There is a potential third scenario to consider, imbalance in the compensation level for endorsements between players on a team? One can only guess as to how many players will get paid for their NIL marketing. There won’t be huge number on most non-top 20 schools, and certainly not as many as the top 10 programs. This situation can only shove the talent balance over the edge. “Alabama player NIL” is going to be worth more than “Wyoming player NIL”. It certainly will be better than, say, “Georgia Tech player NIL”. Clemson’s Tiger Paw will garner more name recognition than Wake Forest’s Demon Deacon. And of course, the organizations/programs are all going to want some sort of share of any “post Letter of Intent NIL”. Even if not directly representing the team or school, the player is still potentially an image product of that system. There will be pressure to balance that contractually. If Darnell became a Heisman Trophy Candidate his NIL would go through the roof, but all of that would be attached to his program. Whose hand will be in whose pockets?

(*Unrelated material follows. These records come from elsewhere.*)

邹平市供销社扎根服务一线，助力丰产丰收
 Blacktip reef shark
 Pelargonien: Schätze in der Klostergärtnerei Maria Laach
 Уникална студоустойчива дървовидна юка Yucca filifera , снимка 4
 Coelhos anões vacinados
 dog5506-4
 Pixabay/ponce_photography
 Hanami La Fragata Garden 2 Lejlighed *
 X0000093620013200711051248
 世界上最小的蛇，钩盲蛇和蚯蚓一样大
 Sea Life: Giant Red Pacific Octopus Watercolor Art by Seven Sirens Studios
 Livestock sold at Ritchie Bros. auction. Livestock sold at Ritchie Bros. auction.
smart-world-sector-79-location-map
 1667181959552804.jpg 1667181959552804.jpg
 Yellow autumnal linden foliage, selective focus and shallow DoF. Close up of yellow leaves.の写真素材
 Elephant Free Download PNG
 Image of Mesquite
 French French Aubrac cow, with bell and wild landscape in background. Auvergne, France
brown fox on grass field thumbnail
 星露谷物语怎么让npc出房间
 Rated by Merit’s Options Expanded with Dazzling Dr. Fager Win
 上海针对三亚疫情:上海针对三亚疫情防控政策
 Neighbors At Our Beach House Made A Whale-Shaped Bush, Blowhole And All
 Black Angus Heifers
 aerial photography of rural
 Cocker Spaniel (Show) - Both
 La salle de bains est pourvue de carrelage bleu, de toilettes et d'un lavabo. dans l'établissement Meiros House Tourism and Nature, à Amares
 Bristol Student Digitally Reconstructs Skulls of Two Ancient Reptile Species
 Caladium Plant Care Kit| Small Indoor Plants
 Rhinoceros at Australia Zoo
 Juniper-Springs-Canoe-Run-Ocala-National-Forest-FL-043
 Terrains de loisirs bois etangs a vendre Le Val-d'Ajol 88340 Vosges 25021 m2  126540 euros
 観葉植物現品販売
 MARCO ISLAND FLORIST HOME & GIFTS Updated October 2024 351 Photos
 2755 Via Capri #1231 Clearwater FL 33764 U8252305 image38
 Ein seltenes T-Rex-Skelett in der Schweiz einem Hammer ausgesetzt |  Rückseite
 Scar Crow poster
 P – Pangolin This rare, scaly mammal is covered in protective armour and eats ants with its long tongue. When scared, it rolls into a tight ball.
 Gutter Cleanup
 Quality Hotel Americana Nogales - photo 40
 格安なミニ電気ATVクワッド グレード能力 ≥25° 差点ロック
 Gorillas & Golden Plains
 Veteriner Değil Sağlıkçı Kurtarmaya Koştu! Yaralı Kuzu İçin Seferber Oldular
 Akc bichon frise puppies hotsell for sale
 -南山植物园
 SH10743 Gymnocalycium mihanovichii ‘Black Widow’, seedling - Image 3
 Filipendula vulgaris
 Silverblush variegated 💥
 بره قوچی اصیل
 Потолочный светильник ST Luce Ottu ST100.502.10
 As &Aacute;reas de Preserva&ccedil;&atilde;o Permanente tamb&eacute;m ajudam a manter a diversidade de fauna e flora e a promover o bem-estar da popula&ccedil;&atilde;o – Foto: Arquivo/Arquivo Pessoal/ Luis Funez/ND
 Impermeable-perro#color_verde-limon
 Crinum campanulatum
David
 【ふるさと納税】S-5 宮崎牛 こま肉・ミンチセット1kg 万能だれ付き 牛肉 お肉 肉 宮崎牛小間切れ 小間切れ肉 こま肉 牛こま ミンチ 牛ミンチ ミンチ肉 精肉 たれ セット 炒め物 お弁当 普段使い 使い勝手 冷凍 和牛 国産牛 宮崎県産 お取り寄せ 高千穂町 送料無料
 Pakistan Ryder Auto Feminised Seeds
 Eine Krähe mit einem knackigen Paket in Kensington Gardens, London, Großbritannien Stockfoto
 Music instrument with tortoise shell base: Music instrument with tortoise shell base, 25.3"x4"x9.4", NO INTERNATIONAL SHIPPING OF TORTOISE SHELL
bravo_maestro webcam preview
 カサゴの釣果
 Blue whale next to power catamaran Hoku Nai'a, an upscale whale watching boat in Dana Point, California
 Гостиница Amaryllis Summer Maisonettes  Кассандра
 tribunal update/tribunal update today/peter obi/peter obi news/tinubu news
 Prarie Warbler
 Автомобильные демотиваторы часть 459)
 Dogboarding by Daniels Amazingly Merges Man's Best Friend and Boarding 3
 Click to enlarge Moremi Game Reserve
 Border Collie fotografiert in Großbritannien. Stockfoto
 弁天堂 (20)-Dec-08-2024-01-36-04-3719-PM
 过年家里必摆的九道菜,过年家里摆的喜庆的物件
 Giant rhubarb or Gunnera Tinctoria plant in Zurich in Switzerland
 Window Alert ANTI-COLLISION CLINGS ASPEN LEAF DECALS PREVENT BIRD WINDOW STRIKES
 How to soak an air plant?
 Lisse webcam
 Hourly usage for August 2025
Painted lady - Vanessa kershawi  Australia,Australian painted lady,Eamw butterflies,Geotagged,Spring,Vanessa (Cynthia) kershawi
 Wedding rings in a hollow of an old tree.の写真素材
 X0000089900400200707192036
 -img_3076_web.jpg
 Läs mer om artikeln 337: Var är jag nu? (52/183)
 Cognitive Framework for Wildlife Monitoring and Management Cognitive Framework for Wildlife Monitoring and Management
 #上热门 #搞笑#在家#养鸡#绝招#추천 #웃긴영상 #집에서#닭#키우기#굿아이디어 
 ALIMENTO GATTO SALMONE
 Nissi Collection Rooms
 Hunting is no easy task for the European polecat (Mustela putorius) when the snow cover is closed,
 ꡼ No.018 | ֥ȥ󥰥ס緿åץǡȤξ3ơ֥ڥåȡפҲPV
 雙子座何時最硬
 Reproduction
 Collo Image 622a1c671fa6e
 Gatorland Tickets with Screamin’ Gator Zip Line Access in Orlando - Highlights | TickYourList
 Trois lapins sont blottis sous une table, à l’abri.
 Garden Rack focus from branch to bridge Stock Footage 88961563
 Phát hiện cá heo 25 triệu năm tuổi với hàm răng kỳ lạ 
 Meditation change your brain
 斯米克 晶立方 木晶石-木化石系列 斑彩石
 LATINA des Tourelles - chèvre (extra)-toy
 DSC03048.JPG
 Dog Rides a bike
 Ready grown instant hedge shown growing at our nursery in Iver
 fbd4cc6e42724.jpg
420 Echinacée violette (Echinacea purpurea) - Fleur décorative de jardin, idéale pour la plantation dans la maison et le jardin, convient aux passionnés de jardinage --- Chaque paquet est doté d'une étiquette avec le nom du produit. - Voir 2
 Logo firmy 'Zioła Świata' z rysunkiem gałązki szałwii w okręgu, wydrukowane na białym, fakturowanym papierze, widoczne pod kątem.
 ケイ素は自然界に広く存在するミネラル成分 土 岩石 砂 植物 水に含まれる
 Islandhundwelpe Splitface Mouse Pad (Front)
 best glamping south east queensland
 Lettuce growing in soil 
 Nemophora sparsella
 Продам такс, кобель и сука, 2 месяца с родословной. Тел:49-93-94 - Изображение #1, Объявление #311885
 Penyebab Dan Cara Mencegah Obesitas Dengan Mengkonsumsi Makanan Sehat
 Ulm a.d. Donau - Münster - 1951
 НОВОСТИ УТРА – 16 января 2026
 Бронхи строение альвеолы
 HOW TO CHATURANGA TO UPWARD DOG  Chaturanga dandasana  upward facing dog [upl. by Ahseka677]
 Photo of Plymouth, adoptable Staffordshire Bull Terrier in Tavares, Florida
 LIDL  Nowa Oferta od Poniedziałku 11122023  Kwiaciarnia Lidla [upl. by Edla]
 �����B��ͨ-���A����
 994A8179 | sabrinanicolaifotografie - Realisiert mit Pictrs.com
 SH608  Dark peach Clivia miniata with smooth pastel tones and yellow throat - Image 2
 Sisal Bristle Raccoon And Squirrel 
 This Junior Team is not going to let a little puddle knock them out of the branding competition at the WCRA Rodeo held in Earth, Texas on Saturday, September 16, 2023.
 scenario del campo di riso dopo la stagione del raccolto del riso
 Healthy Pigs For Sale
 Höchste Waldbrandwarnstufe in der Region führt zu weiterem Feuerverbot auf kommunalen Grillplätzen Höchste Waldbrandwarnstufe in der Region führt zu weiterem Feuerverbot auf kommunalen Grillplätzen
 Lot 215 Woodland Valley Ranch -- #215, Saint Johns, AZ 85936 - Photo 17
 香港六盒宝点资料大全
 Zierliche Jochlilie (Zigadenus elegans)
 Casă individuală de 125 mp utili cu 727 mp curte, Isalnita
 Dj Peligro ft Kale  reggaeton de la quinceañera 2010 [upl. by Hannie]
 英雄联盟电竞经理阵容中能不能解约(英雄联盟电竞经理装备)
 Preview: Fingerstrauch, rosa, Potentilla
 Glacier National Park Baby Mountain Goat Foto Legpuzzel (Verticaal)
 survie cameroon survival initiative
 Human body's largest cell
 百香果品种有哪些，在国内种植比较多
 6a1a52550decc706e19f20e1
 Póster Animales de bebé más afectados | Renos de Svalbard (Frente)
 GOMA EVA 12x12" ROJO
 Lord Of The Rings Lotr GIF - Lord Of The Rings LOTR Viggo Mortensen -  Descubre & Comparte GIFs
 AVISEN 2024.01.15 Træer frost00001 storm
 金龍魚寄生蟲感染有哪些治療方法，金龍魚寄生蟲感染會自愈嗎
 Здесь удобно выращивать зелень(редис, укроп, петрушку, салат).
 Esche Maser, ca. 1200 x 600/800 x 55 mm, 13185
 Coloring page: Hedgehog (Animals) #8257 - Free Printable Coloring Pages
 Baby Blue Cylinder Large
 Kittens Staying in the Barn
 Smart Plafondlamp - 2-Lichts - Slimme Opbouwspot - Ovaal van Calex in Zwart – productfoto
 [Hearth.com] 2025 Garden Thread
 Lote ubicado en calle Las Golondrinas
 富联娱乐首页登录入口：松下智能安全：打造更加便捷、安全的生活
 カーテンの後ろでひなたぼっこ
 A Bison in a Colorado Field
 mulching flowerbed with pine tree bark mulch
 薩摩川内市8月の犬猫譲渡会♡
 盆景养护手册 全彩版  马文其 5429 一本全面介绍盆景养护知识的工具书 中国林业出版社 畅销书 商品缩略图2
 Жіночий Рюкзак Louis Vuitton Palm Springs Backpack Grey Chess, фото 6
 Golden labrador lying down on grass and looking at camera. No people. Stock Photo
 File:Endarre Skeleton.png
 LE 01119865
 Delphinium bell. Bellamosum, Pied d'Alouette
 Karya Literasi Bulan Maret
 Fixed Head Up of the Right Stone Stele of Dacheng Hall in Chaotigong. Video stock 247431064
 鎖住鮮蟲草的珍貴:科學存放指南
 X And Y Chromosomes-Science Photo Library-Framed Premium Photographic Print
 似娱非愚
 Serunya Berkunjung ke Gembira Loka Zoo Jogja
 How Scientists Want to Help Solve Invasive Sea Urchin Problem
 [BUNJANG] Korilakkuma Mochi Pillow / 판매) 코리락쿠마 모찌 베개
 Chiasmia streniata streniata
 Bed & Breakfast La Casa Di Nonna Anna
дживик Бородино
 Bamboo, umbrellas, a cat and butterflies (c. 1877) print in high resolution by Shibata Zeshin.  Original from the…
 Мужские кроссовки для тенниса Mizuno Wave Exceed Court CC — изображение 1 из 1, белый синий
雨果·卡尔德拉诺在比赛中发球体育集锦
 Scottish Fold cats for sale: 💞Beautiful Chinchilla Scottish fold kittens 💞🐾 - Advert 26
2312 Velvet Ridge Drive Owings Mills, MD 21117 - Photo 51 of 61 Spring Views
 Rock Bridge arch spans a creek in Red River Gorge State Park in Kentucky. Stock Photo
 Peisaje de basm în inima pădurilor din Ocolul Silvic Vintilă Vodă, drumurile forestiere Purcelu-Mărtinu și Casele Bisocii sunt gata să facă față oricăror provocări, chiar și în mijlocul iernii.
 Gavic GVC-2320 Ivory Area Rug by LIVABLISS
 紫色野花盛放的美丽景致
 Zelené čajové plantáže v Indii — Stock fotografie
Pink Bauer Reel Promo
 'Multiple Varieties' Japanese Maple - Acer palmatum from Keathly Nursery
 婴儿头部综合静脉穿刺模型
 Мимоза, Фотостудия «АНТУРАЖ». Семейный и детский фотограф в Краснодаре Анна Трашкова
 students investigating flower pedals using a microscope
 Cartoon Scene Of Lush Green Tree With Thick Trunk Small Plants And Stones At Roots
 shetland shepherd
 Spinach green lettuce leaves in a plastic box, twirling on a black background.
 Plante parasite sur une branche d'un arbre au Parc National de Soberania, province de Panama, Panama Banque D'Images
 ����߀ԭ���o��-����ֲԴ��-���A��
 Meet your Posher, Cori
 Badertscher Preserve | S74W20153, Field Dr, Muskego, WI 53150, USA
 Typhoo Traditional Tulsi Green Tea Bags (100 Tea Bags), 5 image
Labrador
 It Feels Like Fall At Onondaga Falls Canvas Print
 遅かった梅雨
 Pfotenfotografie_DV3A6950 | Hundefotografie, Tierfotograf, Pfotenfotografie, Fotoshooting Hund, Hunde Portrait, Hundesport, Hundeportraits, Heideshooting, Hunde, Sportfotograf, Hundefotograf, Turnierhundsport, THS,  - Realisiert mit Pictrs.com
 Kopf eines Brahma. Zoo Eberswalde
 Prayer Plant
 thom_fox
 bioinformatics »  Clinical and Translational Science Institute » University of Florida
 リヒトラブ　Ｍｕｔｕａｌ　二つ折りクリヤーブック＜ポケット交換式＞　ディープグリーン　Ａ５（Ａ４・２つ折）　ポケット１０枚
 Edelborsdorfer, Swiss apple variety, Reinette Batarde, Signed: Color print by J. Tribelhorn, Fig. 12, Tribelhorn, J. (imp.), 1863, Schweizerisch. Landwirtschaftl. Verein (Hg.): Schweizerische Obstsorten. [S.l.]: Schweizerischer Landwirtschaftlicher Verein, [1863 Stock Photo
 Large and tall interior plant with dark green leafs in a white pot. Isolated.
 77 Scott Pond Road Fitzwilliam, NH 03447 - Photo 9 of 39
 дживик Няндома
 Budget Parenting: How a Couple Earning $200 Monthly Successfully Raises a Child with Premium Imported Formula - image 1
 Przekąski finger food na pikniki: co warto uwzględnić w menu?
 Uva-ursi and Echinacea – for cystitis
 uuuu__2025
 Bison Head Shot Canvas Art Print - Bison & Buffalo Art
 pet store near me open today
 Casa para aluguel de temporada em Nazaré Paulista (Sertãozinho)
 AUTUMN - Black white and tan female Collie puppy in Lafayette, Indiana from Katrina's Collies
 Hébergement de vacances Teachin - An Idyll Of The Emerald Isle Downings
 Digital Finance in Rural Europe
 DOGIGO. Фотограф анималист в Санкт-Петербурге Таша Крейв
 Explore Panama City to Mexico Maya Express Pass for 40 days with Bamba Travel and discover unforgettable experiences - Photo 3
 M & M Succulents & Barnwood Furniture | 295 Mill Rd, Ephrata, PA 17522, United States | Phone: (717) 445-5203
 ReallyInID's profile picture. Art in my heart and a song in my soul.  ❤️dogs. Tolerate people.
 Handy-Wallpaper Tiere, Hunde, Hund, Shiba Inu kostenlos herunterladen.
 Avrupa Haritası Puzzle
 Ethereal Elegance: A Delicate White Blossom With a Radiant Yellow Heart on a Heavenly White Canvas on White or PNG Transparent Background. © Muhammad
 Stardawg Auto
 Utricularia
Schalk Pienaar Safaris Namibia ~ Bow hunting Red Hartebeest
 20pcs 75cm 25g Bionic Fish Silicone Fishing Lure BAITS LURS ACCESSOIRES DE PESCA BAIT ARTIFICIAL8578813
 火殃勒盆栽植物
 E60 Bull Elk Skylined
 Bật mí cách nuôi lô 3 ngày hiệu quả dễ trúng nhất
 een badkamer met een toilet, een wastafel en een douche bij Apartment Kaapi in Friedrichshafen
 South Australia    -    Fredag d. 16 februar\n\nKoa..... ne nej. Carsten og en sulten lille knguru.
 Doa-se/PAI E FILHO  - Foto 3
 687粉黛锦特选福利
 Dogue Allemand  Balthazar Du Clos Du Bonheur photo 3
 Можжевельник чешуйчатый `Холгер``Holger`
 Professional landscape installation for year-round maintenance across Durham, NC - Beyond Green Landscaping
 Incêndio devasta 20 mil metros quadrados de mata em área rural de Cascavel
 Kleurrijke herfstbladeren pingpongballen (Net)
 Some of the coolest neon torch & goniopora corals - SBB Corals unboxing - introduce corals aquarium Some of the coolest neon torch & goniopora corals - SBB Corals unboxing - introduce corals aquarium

If you are a college athlete and get your name and face on the Wheaties box, do you get all the money, or have to share?
Permanent Change to a Quicksand Field
We come back to unintended consequences, again. What we are seeing unfolding is a hodge-podge of laws, rules, and regulations. We don’t know how complete or thorough they’ll be, nor do we really understand the potential impacts on players and programs along the decision and remuneration chain. The concept of “Collegiate Money Ball” with the newest iteration of the Transfer Portal is going to change the business of the ‘game’. The addition of the Name, Image, and Likeness factors will push the “Ludicrous Speed” button.
We will be updating and talking about this more as the new regulations are introduced and voted on by the NCAA Congress later in the month. It’s a really important issue and there will be many dissatisfied people out there.